The NZ Superannuation Fund (NZS) has doubled-down its equity factor bets during the 12 months to June 30, shifting about $2 billion into two reformulated quant-based mandates.
According to the 2019 NZS annual report released last week, the $44 billion fund had about $3.7 billion (or 8.6 per cent of total assets under management) invested in multi-factor equities, split evenly between AQR and Northern Trust mandates.
At the same time last year NZS reported roughly $1.7 billion in low volatility/value factor mandates with the same managers (although AQR looked after a slightly larger share of the pie).
NZS had been reviewing its factor exposure for some time but signaled a portfolio move was imminent in August this year.
At least some of the new factor money was likely reallocated from another Northern Trust investment – a global fixed income mandate that shrunk to zero from almost $1 billion last year.
“Northern Trust’s passive global fixed income mandate was defunded during the year, but remains open and available for future investment,” the NZS report says.
However, aside from a handful of external mandate changes during the year (reported here), the NZS third-party manager list remained stable over the year, with some minor changes in funds under management (FUM) largely explained by market moves.

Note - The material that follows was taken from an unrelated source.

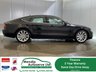 USED 2014 64 AUDI A7 3.0 V6 SE Executive Sportback 5dr PETROL S Tronic quattro Euro 6 (s/s) (310 ps) 8 AUDI SERVICES - Â£5.7K EXTRA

For example, both NZS external local equity managers – Devon Funds and Mint Asset Management – saw FUM increase from about $350 million apiece to over $400 million each during the 12 months to June 30.

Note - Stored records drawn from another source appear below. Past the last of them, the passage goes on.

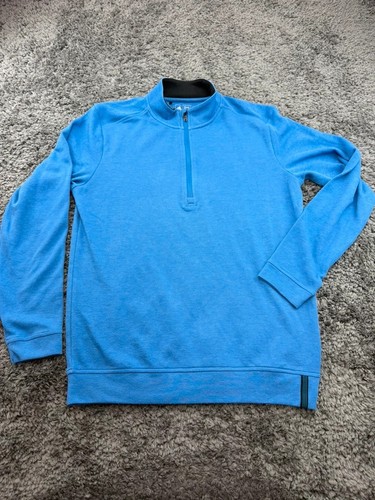 Adidas golf herren climaheat - adidas,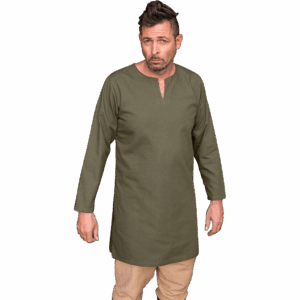 Leif Viking Undertunic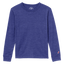 Youth Victory Falls Long Sleeve T-Shirt
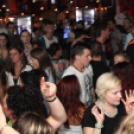 2013.08.24 Szombat Mamma Mia Video Disco Dj:Hubik fotók:árpika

But after a long period of bringing many bespoke investment activities in-house (NZS runs almost 20 strategies internally), the fund recently folded its cards in one area where it had experienced mixed success.
Matt Whineray, NZS chief, says in the annual report: “After coming to the view that we did not have an origination advantage in international direct investment and that we should focus instead on leveraging our external managers’ relationships to secure these opportunities, such as through coinvestment structures, we disestablished the International Direct team, resulting in one redundancy.”
In the wake of the restructure, Nigel Gormly, former head of international direct, has left the NZS with other staff and responsibilities transferred to the externally managed investments and NZ direct teams. The NZ direct unit, now rebadged as ‘direct investment’, is headed by Will Goodwin.
“The changes have given staff the opportunity to work across a broader range of investments, and a number of new roles have also been added, giving us more depth, especially at the analyst level,” Whineray says in the report. “The Guardians remains a supportive shareholder of its existing portfolio of direct offshore investments, and we are continuing to manage these in-house.”
NZS has direct stakes in several offshore firms including US glass manufacturing firm, View; New York-headquartered alternative energy business, Bloom; and, Australian beef farm investment, Palgrove.
In 2017 NZS wrote down almost US$50 million on its investment in US wind energy company, Ogin, while Bloom’s “investment performance has been disappointing”, the annual report says.
Last week, NZS also admitted defeat in another ill-fated offshore venture, dropping its legal pursuit of more than $200 million that disappeared in a soured 2014 loan to Portuguese Banco Espírito Santo via the Goldman Sachs-brokered Oak Finance vehicle.
Whineray said in a statement that while the action was justified “the decision to stop pursing the case is a purely rational one based on the efficient use of the Guardians’ resources and capital, which would be better expended on investing in New Zealand’s future”.
NZS wrote down the Portuguese bank loan to zero in 2015.
The 2019 report also reveals Whineray’s total remuneration package topped $1 million over the year. Overall, NZS has budgeted for a total headcount of more than 170 by next June compared to current levels of about 140 (which is almost 20 below forecast).
During the year head, NZS will complete a number of reviews including remuneration, staff culture and its reference portfolio.
As at last week, NZS reported FUM of more than $44 billion with an annualised return since inception in 2003 of 10.1 per cent (before tax and after costs), representing earnings above the reference portfolio of $8.5 billion.
In 2017, the Labour-led administration reinstated government contributions to NZS after an eight-year hiatus. The government will tip in $1.5 billion to the fund in the current fiscal year.